### DIRECTIONS FOR THIS TASK:
Would you return the lines between the one holding "Wald,-Schnee,-Stadt,-Baum,-I" and the one holding "Aomori Japan Hirosaki", inclusive, and only those, exactly as they stand in the listing below?

### DATA FOR THIS EXERCISE:
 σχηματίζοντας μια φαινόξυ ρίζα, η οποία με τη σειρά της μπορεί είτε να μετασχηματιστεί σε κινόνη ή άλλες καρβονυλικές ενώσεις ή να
* * *
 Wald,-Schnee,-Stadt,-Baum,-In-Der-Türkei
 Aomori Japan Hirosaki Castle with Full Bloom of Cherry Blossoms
---
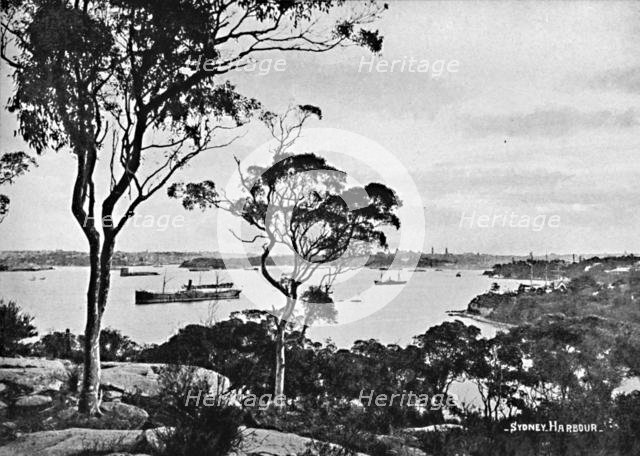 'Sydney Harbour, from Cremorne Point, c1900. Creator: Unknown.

### ANSWER:
 Wald,-Schnee,-Stadt,-Baum,-In-Der-Türkei
 Aomori Japan Hirosaki Castle with Full Bloom of Cherry Blossoms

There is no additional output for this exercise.